The former All-Star has combined to shoot 11-35 over two games, averaging 13.5 points, 8.0 assists and 6.0 rebounds per game. On the defensive end, Holiday is excellent. He continues to disrupt passing lanes and challenge the Phoenix Suns backcourt of Chris Paul and Devin Booker. Holiday even had a great effort on a block of Deandre Ayton in the open floor to prevent an easy bucket. He’s doing everything defensively Milwaukee needs.
However, it has not been enough to let his offensive struggles go to the wayside. Holiday had these struggles throughout the playoffs, but this is not what the Bucks were expecting when they sent four first-round picks out to land the guard. Here’s how Holiday has performed in each series of the postseason so far.

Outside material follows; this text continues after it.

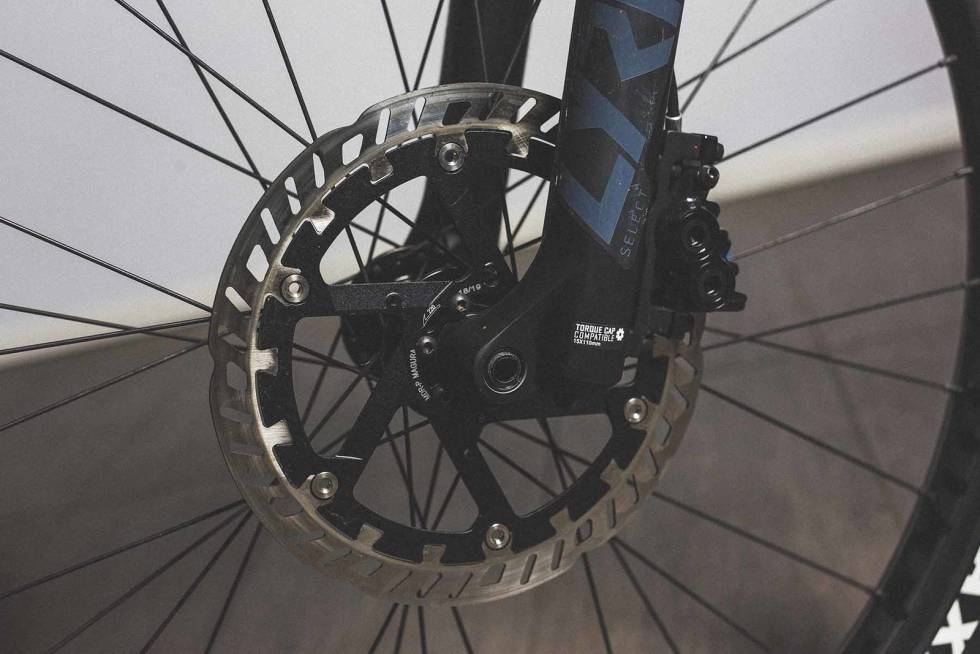 SUPERKRAFTIG: Bremsene fra Magura har ekstra store og kraftige bremseskiver. Cannondale Moterra Magura brems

R1 vs. Miami Heat: 4 games, 15.3 points, 9.8 assists, 6.8 rebounds, 48.1 FG%, 20.0 3P%
R2 vs. Brooklyn Nets: 7 games, 15.1 points, 6.4 assists, 5.3 rebounds, 36.1 FG%, 26.1 3P%
R3 vs. Atlanta Hawks: 6 games, 22.0 points, 10.0 assists, 5.0 rebounds, 46.4 FG%, 37.0 3P%
Holiday was improving over the course of the playoffs, especially from the perimeter. He admittedly got a boost in opportunities with Giannis Antetokounmpo sidelined during the East Finals vs. the Hawks, but the Greek Freak has returned and looks healthy through two games. It’s also clear he needs help if Milwaukee wants to turn things around and Holiday’s offensive game is the first step towards doing that.
This is a tough situation for Milwaukee. Holiday needs to continue to be aggressive. He took four shots in the first quarter of Game 1, missing all of them. The point guard followed that up by going 3-9 in the first quarter of Game 2. That’s better, but still not great. After that quarter, he proceeded to go 0-5 in the following frame. So if it’s not his aggressive nature that needs to be changed, what does?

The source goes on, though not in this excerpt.